Par conséquent, ce principe de co-construction implique alors d’autres acteurs pouvant apporter des réponses complémentaires autour de cette fonctionnalité : comme un menuisier pour les questions d’isolation des fenêtres, une entreprise de toiture, un conseiller en rénovation thermique qui réalise des bilans depuis un logiciel dédié, etc.
Dans le réel de ce cas concret, cet ensemble d’entreprises réunies autour de leurs complémentarités se sont associées sous forme d’une association. Un groupement formulant des offres communes. Une véritable dynamique de coopération.
La fonctionnalité est dépendante de la coopération. Sans la formulation d’une offre commune entre divers acteurs du bâtiment, la performance d’un confort thermique global ne peut être réellement atteinte. De même, sans ce travail de révélation des usages du clients, sans son partage d’information et sa confiance réciproque, la dynamique d’accompagnement ne peut être engagée.
Coopérer une déterminante du développement d’une entreprise servicielle. La coopération n’y est donc pas un simple argument pour valoriser un bon relationnel avec le client, ce n’est pas une valeur ou la certification du sourire du plombier, ni même l’assurance d’avoir à faire avec un interlocuteur aimable. Elle n’a également rien à voir avec l’entraide entre des entreprises du même secteur ou du même territoire. D’ailleurs, elle commence là où cesse l’entraide.
La coopération ne se décrète pas, ne se mesure pas, ne s’achète pas, ne se calcule pas, elle se travail !
La coopération se définit comme la prise en compte des contraintes des autres dans son propre travail (et réciproquement).
Dans une logique classique, les entreprises fonctionnent en silos. Chaque service, chaque entreprise, chaque secteur, public ou privé, travaillent sur leurs spécialités sans se soucier des autres ou pour bien souvent : se concurrencer.
Le petit récit de trois aveugles et d’un éléphant illustre cette limite.
– « C’est rugueux et grand comme un tapis », dit l’un, attrapant l’oreille de l’animal.
– « C’est un tuyau droit et creux », affirme le deuxième en tenant la trompe.
– « C’est puissant et dur comme la colonne d’un temple » impose le troisième.
De cette manière, ces trois aveugles ne sauront jamais ce qu’est un éléphant.
Du fait que la coopération n’est pas naturelle, il est nécessaire de l’organiser.
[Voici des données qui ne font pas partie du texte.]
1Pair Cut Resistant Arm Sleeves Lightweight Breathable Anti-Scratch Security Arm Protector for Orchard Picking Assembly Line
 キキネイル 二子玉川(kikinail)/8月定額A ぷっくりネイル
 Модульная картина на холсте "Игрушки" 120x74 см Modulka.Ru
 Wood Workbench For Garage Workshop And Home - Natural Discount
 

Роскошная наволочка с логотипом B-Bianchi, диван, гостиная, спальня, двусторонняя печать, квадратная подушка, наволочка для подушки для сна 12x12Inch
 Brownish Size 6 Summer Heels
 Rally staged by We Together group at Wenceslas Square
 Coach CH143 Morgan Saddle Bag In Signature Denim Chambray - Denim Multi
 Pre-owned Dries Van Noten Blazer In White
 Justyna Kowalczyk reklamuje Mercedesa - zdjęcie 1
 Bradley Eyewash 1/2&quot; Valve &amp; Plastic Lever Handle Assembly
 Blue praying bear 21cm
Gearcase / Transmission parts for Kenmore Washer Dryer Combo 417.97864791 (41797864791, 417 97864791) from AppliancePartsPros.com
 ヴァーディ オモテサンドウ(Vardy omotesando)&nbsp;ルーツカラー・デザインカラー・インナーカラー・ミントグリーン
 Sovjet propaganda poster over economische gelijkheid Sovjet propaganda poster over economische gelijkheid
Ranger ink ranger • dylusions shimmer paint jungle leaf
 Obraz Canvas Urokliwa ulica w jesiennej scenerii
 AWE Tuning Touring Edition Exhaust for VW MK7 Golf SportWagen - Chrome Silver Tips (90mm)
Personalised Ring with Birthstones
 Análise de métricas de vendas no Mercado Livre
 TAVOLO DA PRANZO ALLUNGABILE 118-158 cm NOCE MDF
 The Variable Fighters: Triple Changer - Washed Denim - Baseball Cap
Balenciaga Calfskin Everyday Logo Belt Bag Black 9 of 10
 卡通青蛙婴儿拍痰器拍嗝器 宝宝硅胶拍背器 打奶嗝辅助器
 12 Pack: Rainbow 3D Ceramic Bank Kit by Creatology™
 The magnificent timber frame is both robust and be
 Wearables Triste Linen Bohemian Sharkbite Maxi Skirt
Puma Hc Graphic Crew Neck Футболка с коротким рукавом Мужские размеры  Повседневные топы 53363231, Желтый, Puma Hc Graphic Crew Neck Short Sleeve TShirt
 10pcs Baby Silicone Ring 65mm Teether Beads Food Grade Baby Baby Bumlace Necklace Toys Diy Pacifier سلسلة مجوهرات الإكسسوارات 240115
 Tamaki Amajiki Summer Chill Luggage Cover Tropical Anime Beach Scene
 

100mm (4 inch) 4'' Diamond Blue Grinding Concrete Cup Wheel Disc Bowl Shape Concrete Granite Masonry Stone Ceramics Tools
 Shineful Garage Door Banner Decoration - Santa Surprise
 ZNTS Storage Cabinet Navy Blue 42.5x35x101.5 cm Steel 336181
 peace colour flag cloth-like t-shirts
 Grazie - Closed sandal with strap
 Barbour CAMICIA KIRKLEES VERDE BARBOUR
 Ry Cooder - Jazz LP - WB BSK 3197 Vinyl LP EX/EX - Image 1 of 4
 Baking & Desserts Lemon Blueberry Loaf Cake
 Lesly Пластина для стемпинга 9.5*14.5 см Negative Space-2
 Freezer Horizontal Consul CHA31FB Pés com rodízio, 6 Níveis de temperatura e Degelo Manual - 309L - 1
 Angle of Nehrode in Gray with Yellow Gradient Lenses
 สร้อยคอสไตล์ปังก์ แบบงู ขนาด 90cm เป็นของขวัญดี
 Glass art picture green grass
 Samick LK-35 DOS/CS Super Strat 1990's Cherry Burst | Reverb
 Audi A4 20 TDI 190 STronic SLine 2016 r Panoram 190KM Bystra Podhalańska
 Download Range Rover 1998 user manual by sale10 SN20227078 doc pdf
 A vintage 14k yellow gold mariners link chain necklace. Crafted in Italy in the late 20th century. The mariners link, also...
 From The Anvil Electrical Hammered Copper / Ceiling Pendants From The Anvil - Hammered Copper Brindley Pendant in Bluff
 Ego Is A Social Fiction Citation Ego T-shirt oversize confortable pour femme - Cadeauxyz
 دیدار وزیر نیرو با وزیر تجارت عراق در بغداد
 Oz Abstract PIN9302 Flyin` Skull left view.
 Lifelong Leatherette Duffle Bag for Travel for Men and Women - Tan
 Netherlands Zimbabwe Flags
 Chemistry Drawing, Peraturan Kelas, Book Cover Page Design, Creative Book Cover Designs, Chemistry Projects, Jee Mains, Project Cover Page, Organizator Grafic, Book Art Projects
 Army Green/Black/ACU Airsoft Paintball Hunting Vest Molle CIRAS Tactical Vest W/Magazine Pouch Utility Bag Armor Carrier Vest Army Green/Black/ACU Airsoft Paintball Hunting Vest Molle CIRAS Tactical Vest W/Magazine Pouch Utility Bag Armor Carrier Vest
Il existe des modes d’organisation du travail et des type de relations avec le client qui sont plus ou moins propices à cette coopération. À la fois en interne, entre collaborateurs, entre les différents métiers, entre aveugles autour d’un éléphant. Comme en externe, avec les clients, avec les autres acteurs économique, avec le territoire dans sa globalité.
La coopération est permise, notamment, par la condition d’une confiance réciproque. La confiance, elle non plus, ne se décrète pas. Elle s’évalue, se travaille, s’organise et bien évidement, ne s’achète pas, ne se délivre pas à tout le monde sans avoir réuni les conditions particulières à son émergence selon les individualités divers et complexes.
L’Economie de la Fonctionnalité et de la Coopération est à ces égards un ensemble de clés de lecture pour mettre au travail vos conditions de coopération. C’est par ce travail de fond, très ancré dans le réel de situations professionnelles concrètes, que nous pouvons prétendre requalifier la valeur que nous produisons à l’échelle de grandes fonctionnalités.